This function should be added in all patterns. I hope you understand what I'm trying to explain here.

Thanks

stephanebachelier commented 9 years ago

@ptanov not sure if we need to added it to fileprocessor as it is a non standard attribute.

But you can still provide you regexp to pattern options for usemin. I think your regexp is not correct:

/data-(?!main)[^=]+=['"]([^'"]+)['"]/gm should be better than : /data-(?!main).[^=]+=['"]([^'"]+)['"]/gm see the dot between (?!main) and [^=] blocks, as it does not catch attributes data-x where x is a single character.

By the way I would use the following regexp, as your are using angular: /data-ng-[^=]+=['"]([^'"]+)['"]/gm.
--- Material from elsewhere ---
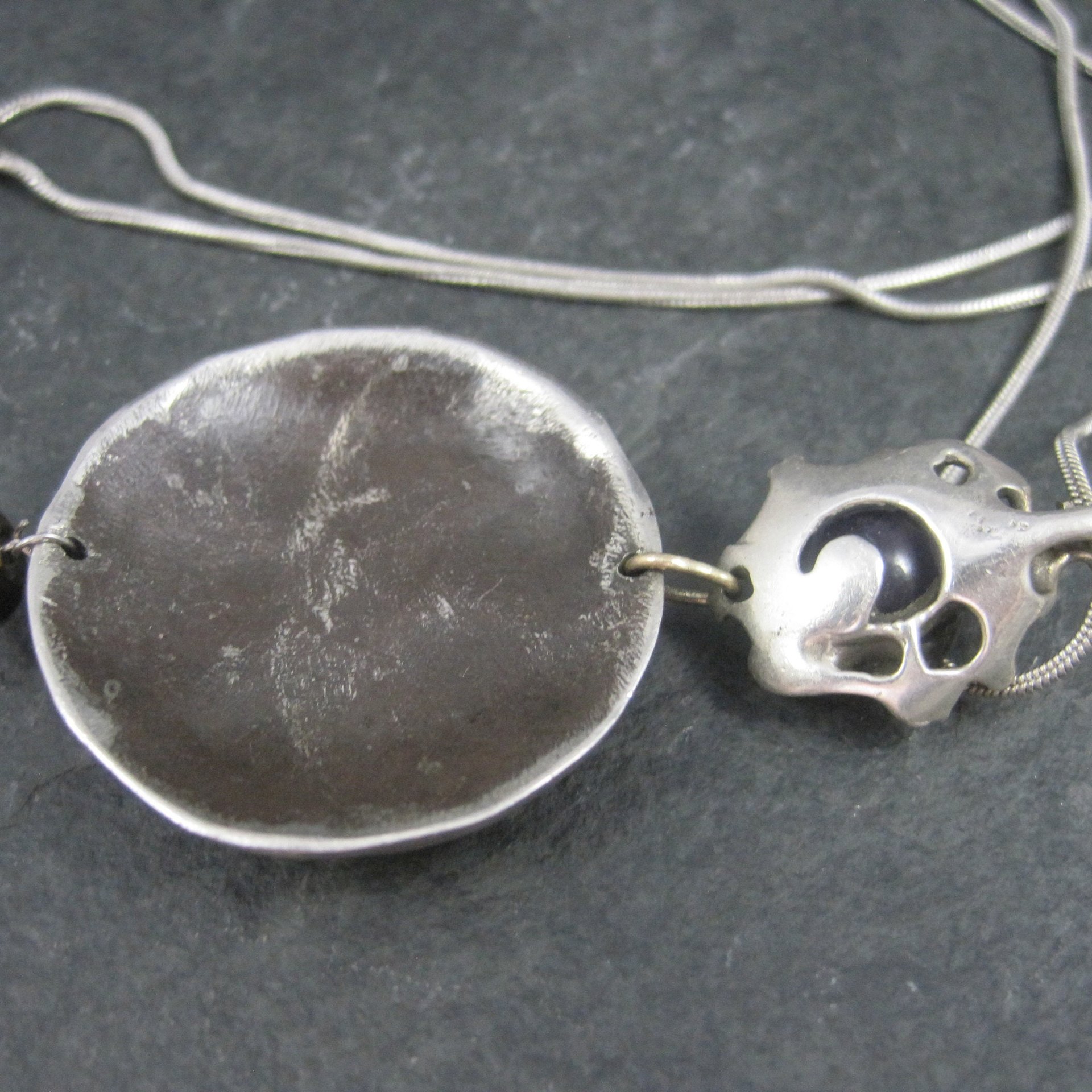 Heavy Sterling Amethyst Dragon Moon Pendant Necklace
This gives the following configuration:

usemin: {
  html: 'build/index.html',
  options: {
    patterns: {
      html: [
        [
           /data-ng-[^=]+=['"]([^'"]+)['"]/gm,
           'Update the HTML with data-* tags',
           null,
           function(m) {
              return m.replace(/\$/g, '$$$$');
           }
         ]
      ]
    }
  }
}
ptanov commented 9 years ago

Hello @stephanebachelier, My point is not about how to match a given attribute (the sample code for matching was taken from the grunt-usemin source), but that when an attribute is matched and the attribute value contains a double dollar sign ("$$"), it is replaced with a single dollar sign (which results in an unintended change of the attribute value).

Thank you!

stephanebachelier commented 9 years ago

@ptanov I see. IMO the fileprocessor regexps are standard while any non standard regexp or specific filter should be given by user.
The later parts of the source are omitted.